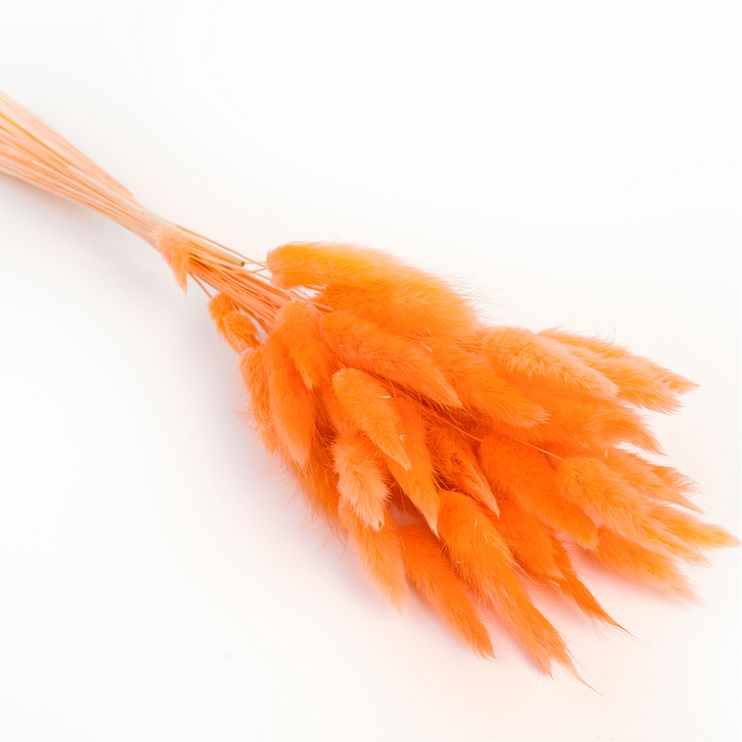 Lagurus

--------

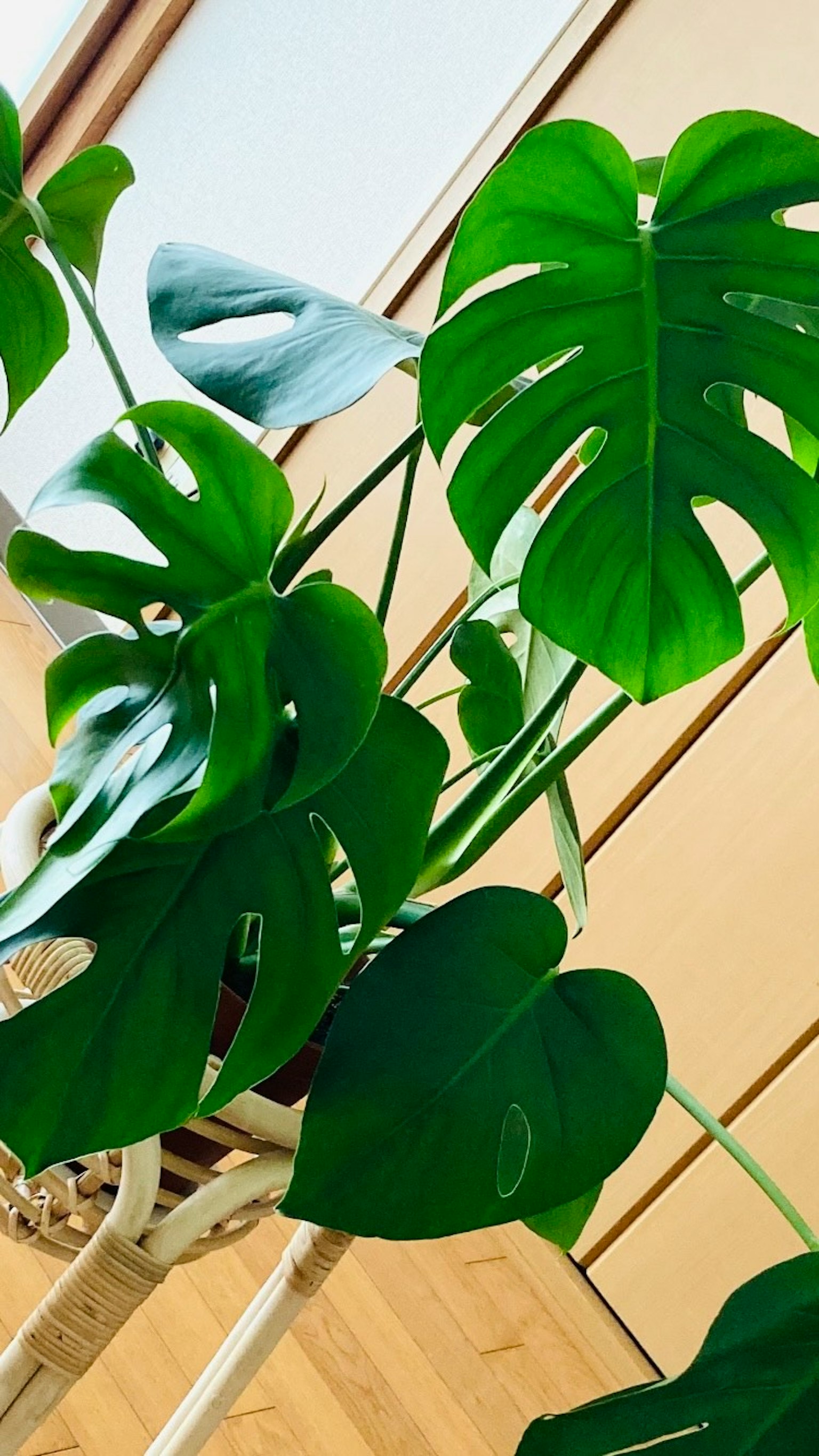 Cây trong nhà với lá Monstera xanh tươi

--------

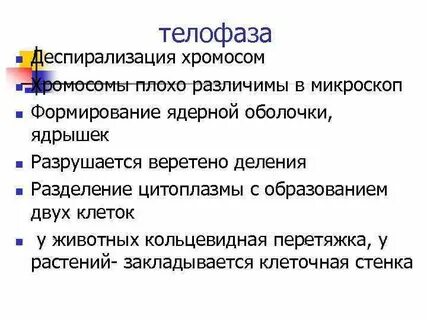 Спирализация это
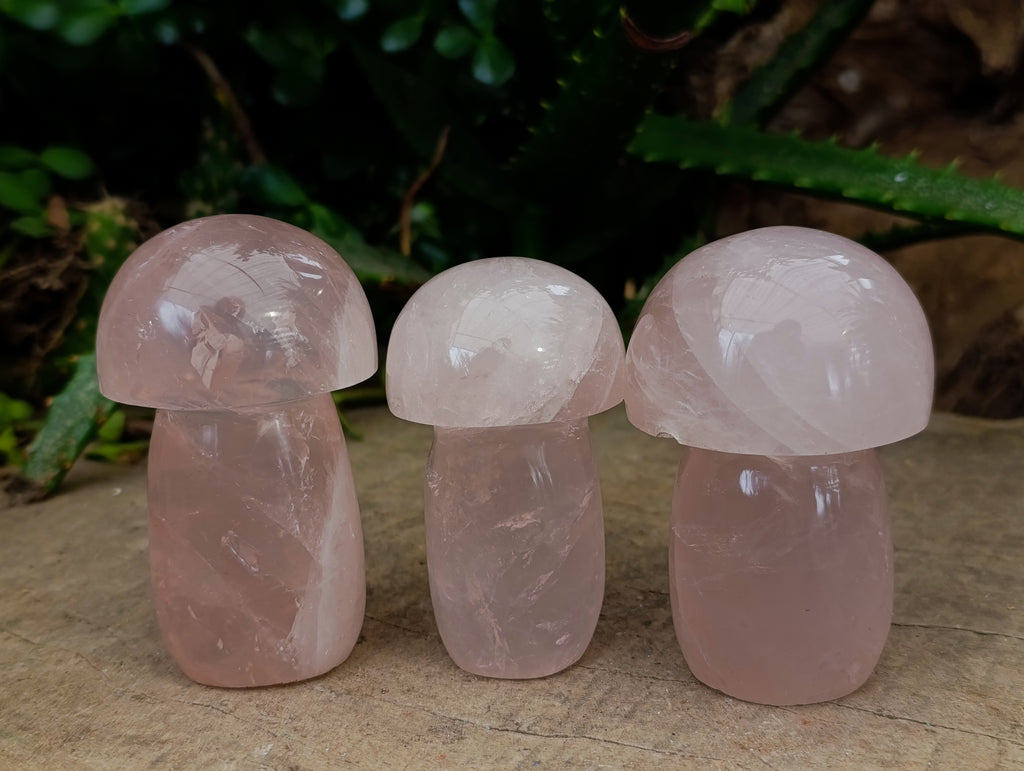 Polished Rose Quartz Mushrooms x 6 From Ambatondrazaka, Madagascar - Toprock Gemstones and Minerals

--------

◆ **The problem**:
Copy exactly the lines of the entries above from the one containing "Спирализация это" through the one containing "Polished Rose Quartz". Both end lines count; pictures do not.

◆ **Written answer**:
 Спирализация это
 Polished Rose Quartz Mushrooms x 6 From Ambatondrazaka, Madagascar - Toprock Gemstones and Minerals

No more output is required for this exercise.